### WORK TO COMPLETE
What you return should be the entries, unchanged, without their pictures.

### SUPPLIED DATA

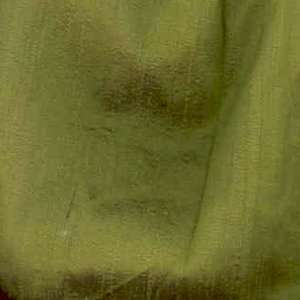  54 Wide Dupioni Silk Olive Green Fabric By The Yard 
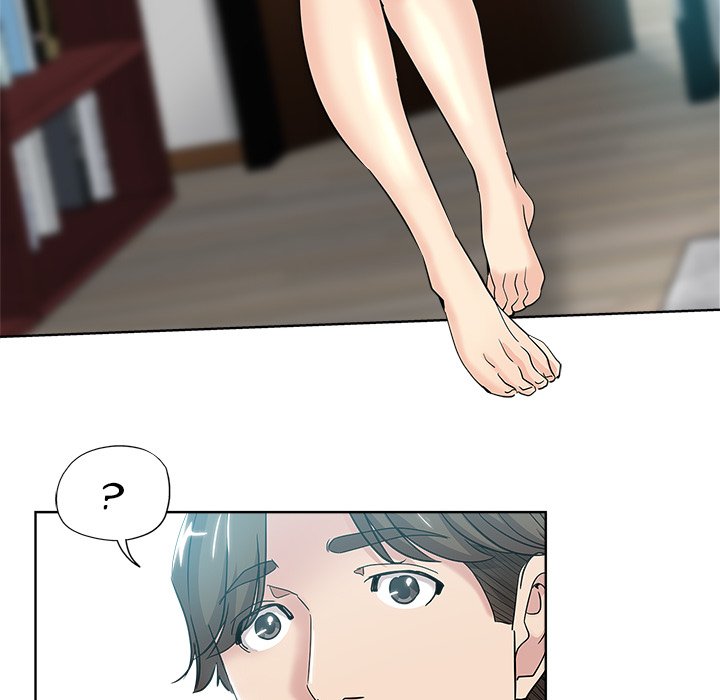 The Unexpected Guest - Chapter 7 [photo 31] - MangaPorn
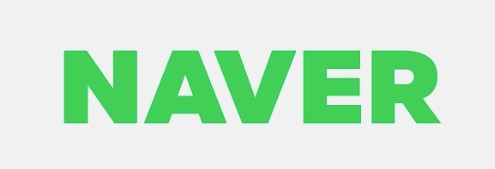 네이버 로고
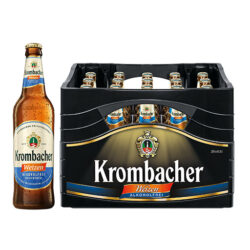 Kasten Krombacher Weizen Alkoholfrei 20/0,5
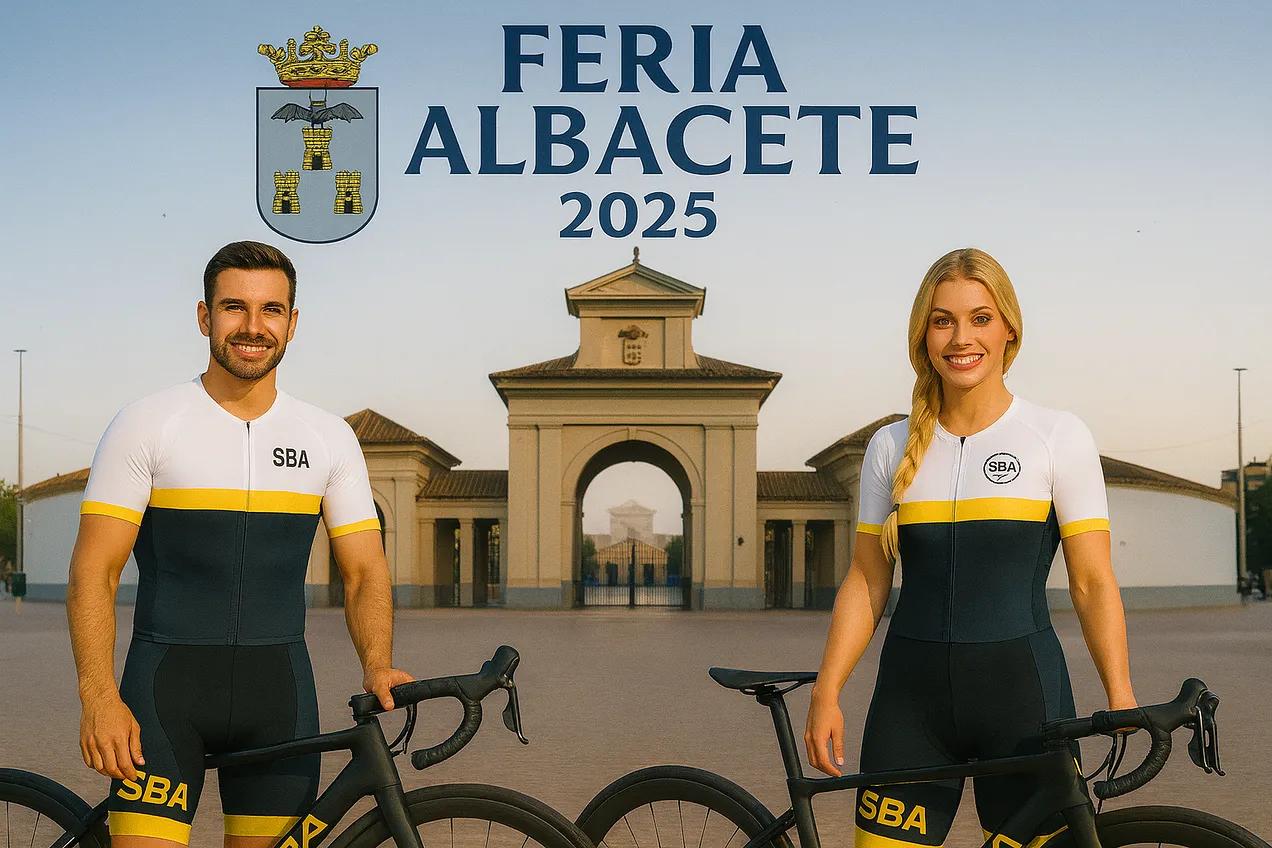 CARTEL QUEDADA CICLISTA 2025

### TASK RESPONSE
  54 Wide Dupioni Silk Olive Green Fabric By The Yard 
 The Unexpected Guest - Chapter 7 [photo 31] - MangaPorn
 네이버 로고
 Kasten Krombacher Weizen Alkoholfrei 20/0,5
 CARTEL QUEDADA CICLISTA 2025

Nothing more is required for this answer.